Exercise materials =

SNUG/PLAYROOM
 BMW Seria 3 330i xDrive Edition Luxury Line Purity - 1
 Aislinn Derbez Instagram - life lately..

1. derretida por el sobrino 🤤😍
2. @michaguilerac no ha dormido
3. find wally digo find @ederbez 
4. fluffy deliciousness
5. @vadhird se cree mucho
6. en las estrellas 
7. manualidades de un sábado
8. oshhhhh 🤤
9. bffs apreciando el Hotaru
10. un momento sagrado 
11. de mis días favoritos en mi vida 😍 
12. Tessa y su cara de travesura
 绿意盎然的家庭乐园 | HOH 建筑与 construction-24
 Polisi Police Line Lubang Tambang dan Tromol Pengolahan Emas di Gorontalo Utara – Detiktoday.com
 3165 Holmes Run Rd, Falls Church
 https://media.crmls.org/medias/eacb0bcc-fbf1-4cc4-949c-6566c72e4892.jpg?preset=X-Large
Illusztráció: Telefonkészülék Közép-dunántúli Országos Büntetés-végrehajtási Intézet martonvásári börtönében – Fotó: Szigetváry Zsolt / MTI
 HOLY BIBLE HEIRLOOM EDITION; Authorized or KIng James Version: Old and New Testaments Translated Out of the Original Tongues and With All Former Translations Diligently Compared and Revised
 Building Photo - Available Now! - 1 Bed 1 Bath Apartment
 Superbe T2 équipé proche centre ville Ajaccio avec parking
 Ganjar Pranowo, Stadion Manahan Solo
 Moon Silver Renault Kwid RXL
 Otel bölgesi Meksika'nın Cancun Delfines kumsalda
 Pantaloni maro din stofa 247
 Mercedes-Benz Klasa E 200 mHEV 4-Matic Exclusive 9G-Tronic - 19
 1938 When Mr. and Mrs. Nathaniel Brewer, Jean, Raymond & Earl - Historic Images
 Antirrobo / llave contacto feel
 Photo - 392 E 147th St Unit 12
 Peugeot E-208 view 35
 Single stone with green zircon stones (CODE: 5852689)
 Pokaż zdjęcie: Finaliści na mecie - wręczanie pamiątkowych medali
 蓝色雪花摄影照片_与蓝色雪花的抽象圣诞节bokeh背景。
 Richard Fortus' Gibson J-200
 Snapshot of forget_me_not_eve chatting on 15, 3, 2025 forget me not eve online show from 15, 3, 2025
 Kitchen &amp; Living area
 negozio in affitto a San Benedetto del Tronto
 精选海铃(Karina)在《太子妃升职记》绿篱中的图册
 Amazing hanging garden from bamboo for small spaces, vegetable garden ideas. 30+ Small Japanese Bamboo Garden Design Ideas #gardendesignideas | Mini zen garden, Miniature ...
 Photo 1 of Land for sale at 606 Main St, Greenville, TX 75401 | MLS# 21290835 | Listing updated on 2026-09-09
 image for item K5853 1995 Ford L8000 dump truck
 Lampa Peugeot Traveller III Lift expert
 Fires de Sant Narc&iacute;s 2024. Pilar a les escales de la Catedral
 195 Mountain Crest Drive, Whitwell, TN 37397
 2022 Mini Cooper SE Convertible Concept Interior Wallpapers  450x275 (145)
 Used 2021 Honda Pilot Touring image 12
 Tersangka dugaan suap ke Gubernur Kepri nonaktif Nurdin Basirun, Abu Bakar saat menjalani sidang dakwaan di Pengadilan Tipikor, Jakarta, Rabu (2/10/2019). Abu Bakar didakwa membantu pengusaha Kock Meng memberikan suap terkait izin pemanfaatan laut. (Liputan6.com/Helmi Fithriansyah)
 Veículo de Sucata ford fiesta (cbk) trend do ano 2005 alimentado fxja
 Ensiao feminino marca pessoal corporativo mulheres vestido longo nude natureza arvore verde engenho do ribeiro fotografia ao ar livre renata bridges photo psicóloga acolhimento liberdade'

Exercise objective =
Output, please, only the lines running from the start of the entries through the line that contains "8. oshhhhh 🤤", including both of those lines.

Written reply =
SNUG/PLAYROOM
 BMW Seria 3 330i xDrive Edition Luxury Line Purity - 1
 Aislinn Derbez Instagram - life lately..

1. derretida por el sobrino 🤤😍
2. @michaguilerac no ha dormido
3. find wally digo find @ederbez 
4. fluffy deliciousness
5. @vadhird se cree mucho
6. en las estrellas 
7. manualidades de un sábado
8. oshhhhh 🤤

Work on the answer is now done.